Acacia anceps, commonly known as Port Lincoln wattle or the two edged wattle, is a species of flowering plant in the family Fabaceae and is endemic to coastal areas of south-western Australia. It is a bushy, spreading shrub with glabrous branchlets angled at the ends, elliptic to lance-shaped phyllodes with the narrower end towards the base, spherical heads of 50 to 130 golden-yellow flowers, and narrowly oblong pods up to 60 mm long.

==Description==
Acacia anceps is a bushy spreading shrub that typically grows to a height of up to 1–3 m and has branchlets that are glabrous and angled near the ends. The phyllodes are usually elliptic to lance-shaped with the narrower end towards the base, mostly 25–65 mm long, 8–30 mm wide, and leathery, sometimes continuous with the branchlets.

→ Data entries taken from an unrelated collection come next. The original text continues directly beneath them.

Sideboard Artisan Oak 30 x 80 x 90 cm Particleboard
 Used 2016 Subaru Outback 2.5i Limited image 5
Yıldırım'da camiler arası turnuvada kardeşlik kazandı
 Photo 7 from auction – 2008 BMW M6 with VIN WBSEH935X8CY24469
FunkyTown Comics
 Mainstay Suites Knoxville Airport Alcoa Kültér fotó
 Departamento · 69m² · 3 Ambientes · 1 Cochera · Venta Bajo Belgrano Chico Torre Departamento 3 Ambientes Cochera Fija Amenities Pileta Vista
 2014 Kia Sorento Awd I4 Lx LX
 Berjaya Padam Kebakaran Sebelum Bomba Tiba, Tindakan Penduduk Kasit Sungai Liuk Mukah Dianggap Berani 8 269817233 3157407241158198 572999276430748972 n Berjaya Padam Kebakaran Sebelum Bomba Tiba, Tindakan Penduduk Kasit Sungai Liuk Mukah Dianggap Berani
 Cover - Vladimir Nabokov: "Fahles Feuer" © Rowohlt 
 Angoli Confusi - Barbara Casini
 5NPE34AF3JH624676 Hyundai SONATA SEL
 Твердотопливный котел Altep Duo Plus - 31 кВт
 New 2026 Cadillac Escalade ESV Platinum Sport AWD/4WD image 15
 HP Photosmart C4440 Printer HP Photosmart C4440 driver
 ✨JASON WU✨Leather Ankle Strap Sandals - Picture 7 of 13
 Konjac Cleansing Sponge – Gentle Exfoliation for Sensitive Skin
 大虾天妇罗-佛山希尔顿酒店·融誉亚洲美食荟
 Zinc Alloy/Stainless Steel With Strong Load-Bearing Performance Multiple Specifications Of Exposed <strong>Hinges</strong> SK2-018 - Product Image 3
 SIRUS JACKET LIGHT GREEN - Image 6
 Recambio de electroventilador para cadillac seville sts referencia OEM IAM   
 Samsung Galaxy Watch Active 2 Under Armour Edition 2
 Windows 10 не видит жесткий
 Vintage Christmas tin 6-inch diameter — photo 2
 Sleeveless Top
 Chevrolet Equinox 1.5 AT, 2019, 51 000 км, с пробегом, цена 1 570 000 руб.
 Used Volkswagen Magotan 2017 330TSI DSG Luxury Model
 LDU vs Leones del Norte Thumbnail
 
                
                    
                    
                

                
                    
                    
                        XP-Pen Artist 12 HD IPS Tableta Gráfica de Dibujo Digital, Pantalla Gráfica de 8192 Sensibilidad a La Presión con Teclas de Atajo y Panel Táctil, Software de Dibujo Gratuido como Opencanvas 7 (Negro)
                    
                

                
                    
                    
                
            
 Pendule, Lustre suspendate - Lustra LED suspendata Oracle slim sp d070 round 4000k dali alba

The inflorescences are arranged singly in leaf axils in heads of 50 to 130 golden-yellow flowers on a stout, glabrous peduncle mostly 10–26 mm long. Flowering occurs from September to February and the pods are narrowly oblong, crust-like to woody, red to brown straight to curved, normally up to 60 mm long and 10–15 mm wide. The seeds are oblong to elliptic, 4.5–6 mm long with a reddish-brown stalk.

==Taxonomy==
Acacia anceps was first formally described in 1825 by Augustin Pyramus de Candolle in his Prodromus Systematis Naturalis Regni Vegetabilis. The specific epithet (anceps) means 'two-sided' referring to the flattened stems.

==Distribution and habitat==
This wattle is endemic to an area along the south coast of southern Australia, where it grows in coastal dune vegetation or open scrub from the Middle Island of the Recherche Archipelago in Western Australia to the Eyre and Yorke Peninsulas in South Australia.

==Use in horticulture==
The plant is used as an ornamental wattle that thrives in coastal locations and is planted as a windbreak. It can be propagated from seeds or from cuttings but needs well drained soils. It will tolerate full sun or part shade and is drought tolerant.